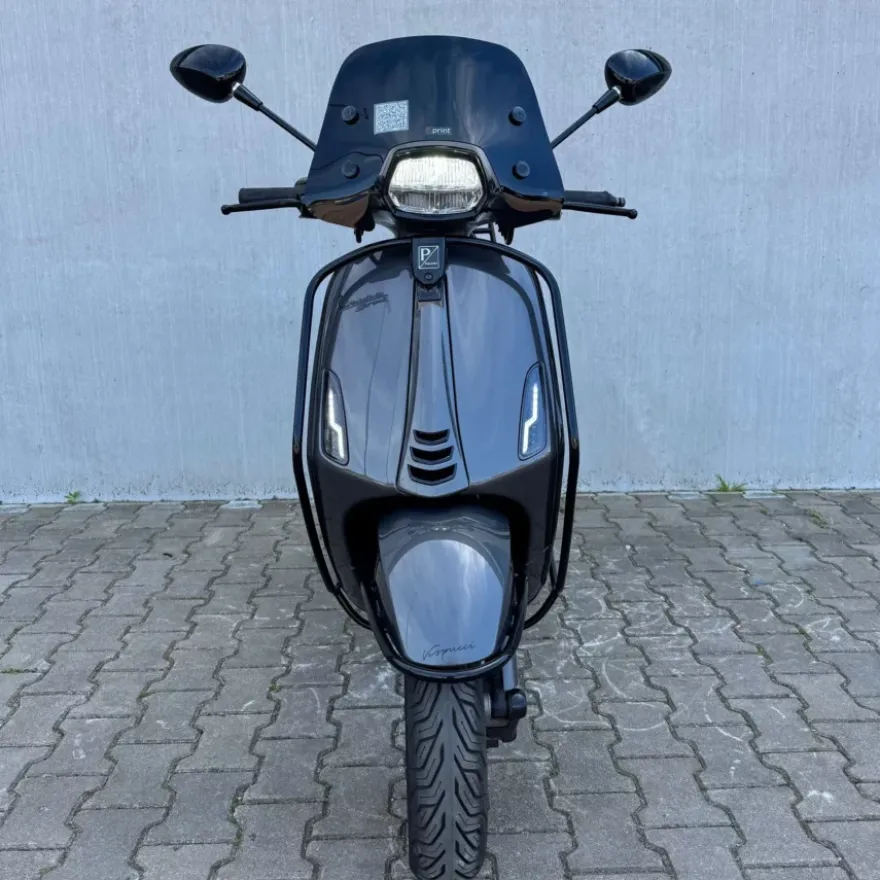 SOLD Vespa Sprint Agaat Grijs FJK-38-K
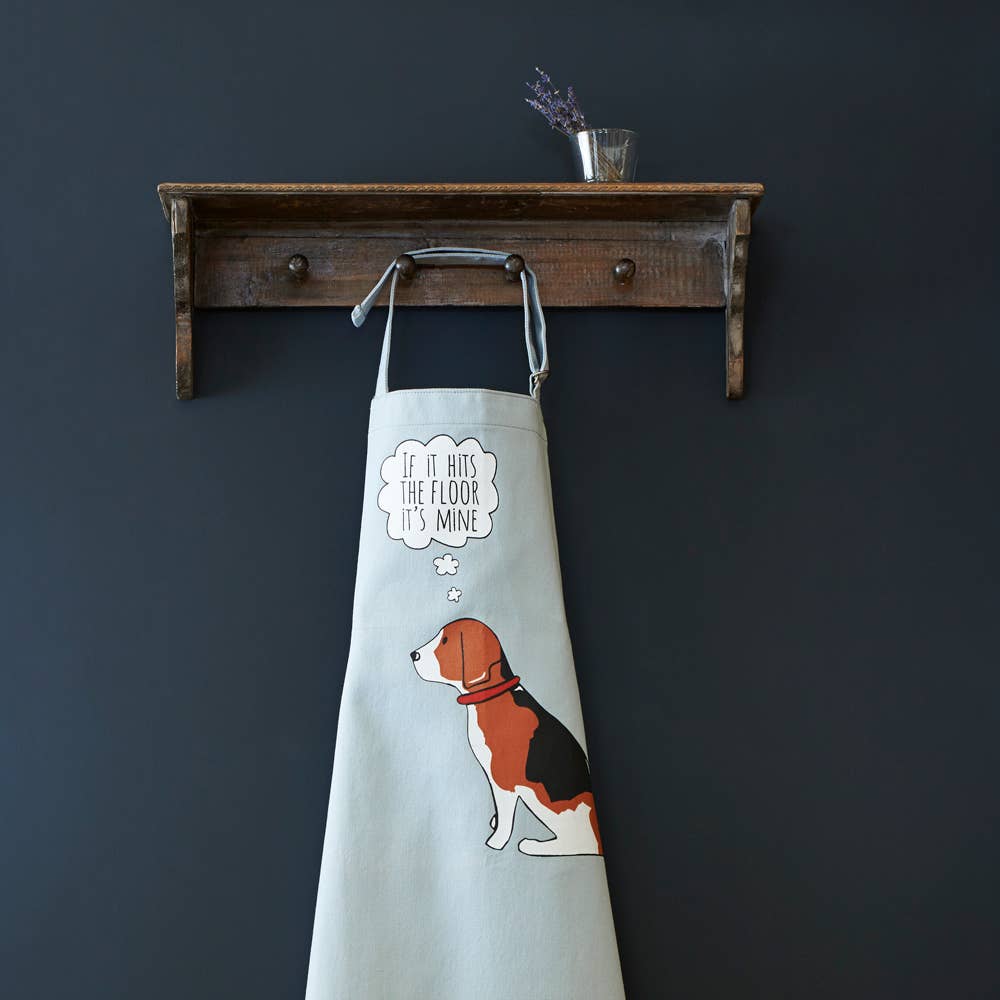 Sweet William Designs Organic Apron - Beagle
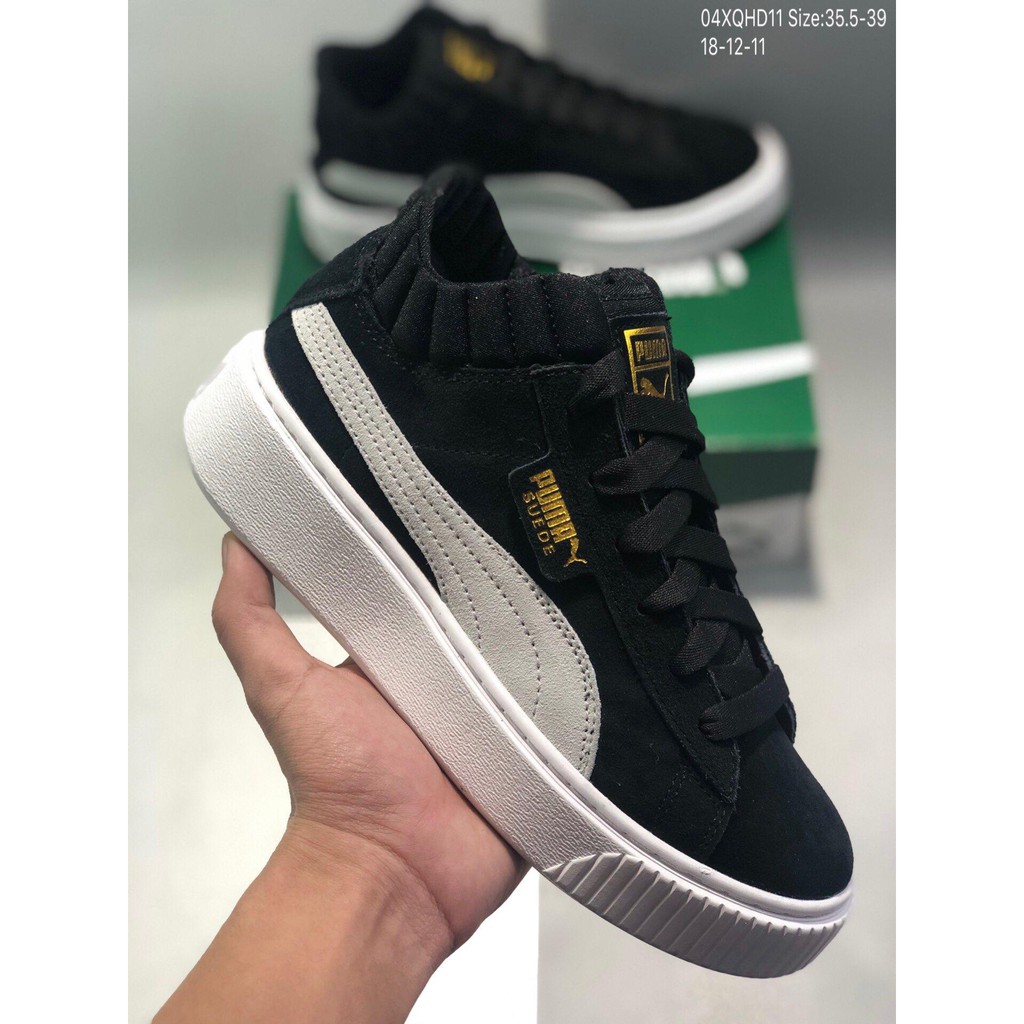 puma basket rihanna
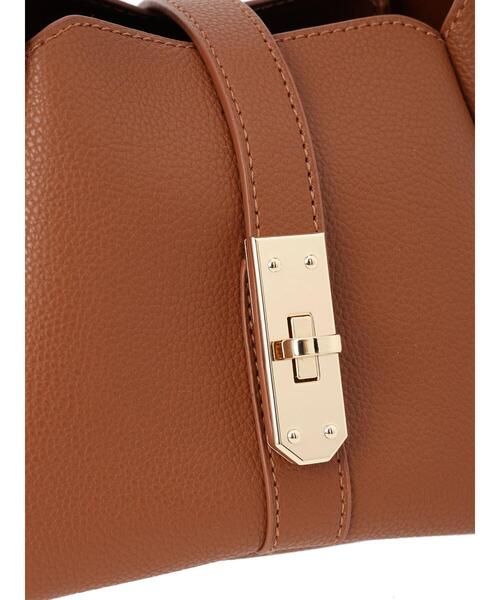 Te chichi（テチチ）の「ミニハンドバッグ（ハンドバッグ・レディース・キャメル/ボルドー/グリーン・F）」の15枚目の写真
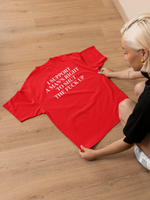 I Respect a Man’s Right to Shut the F*ck Up – Red Shirt Edition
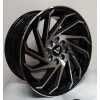 V-4118 in FMBK finish. The Size of alloy wheel is 15x7 inch and the PCD is 8x100/108(SET OF 4)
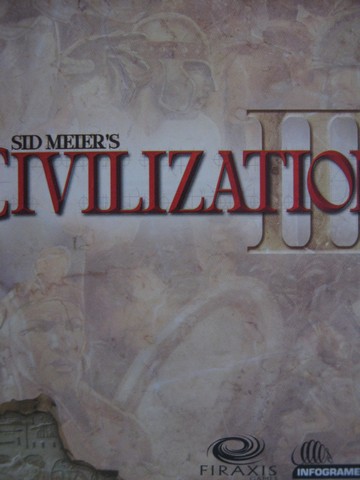 (image for) Sid Meier's Civilization III (CD)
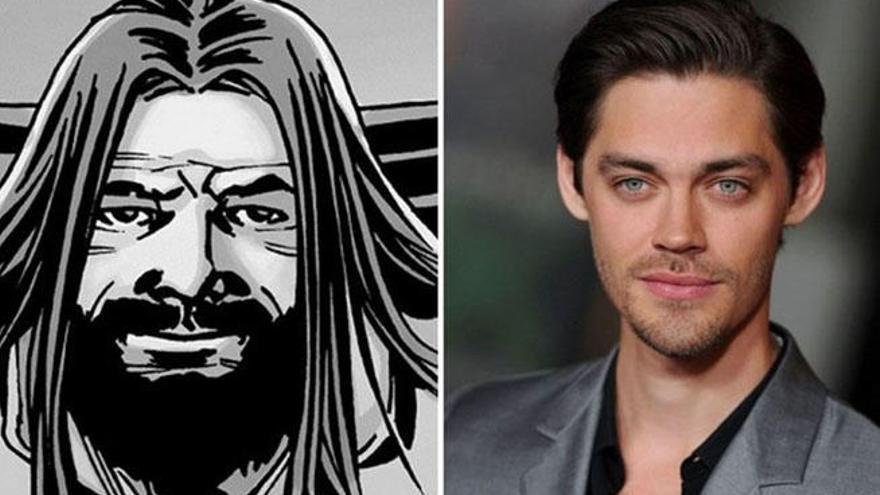 Tom Payne interpretará a Jesus en The Walking Dead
----------
* EXERCISE DESCRIPTION
Copy only this, please: the line with "Sweet William Designs Organic Apron - Beagle" and every line after it through the end of the data, with no pictures.

* SOLUTION TO THIS PROBLEM
 Sweet William Designs Organic Apron - Beagle
 puma basket rihanna
 Te chichi（テチチ）の「ミニハンドバッグ（ハンドバッグ・レディース・キャメル/ボルドー/グリーン・F）」の15枚目の写真
 I Respect a Man’s Right to Shut the F*ck Up – Red Shirt Edition
 V-4118 in FMBK finish. The Size of alloy wheel is 15x7 inch and the PCD is 8x100/108(SET OF 4)
 (image for) Sid Meier's Civilization III (CD)
 Tom Payne interpretará a Jesus en The Walking Dead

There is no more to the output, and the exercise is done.